• WORK TASK
Look through the records, and wherever the string "Buick" turns up, copy out that line.

• SUPPLIED DATA
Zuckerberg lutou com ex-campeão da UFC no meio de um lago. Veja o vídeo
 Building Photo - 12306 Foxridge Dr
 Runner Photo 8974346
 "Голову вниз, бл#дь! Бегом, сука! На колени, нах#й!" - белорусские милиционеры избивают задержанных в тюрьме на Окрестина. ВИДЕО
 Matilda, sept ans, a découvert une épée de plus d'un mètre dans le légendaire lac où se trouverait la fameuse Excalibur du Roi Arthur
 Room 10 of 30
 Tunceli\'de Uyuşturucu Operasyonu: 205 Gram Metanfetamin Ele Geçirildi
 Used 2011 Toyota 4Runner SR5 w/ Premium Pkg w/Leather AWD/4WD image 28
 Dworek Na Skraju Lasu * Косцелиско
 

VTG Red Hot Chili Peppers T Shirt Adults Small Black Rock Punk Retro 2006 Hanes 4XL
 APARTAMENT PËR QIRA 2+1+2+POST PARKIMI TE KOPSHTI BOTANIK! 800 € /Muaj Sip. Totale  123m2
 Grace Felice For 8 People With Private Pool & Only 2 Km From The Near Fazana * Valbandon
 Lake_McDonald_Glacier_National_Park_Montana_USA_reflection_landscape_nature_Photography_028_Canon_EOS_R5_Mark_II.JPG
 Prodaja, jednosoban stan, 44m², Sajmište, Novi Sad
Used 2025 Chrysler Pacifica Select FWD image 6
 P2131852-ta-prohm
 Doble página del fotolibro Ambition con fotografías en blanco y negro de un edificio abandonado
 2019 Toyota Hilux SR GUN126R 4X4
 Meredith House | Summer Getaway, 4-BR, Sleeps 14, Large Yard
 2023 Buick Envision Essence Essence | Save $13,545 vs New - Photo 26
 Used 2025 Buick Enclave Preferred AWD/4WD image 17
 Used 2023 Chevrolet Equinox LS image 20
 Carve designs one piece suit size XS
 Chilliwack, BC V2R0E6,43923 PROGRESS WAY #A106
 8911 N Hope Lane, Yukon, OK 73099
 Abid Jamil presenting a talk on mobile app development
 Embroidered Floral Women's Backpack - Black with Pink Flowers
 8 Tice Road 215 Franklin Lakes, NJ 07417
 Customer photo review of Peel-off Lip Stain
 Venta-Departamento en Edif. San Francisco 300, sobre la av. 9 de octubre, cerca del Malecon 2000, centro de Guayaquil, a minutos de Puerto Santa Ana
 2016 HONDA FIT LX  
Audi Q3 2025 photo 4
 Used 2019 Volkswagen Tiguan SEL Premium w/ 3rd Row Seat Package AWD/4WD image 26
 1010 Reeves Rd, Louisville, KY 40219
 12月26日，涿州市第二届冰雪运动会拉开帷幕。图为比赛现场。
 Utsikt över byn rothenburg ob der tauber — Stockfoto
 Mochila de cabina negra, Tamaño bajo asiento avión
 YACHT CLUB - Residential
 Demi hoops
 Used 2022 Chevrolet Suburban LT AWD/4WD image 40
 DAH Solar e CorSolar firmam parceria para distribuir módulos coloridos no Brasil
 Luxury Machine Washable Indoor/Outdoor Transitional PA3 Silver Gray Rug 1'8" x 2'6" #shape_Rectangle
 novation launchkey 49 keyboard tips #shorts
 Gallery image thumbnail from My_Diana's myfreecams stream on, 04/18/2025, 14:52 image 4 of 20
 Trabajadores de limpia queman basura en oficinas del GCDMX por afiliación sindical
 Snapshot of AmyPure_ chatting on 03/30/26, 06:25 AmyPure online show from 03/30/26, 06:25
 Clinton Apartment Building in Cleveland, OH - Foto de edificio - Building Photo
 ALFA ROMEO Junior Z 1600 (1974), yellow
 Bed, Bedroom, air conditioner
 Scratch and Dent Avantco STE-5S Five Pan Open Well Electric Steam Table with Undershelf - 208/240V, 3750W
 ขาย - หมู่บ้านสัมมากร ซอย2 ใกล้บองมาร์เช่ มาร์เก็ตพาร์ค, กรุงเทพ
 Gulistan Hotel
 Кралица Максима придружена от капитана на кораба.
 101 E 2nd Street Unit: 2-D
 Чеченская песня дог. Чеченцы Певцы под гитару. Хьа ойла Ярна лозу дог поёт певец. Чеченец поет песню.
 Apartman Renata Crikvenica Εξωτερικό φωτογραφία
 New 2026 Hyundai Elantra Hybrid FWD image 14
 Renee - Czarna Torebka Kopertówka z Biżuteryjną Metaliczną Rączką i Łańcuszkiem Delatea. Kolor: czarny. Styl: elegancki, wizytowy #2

• TASK RESPONSE
 2023 Buick Envision Essence Essence | Save $13,545 vs New - Photo 26
 Used 2025 Buick Enclave Preferred AWD/4WD image 17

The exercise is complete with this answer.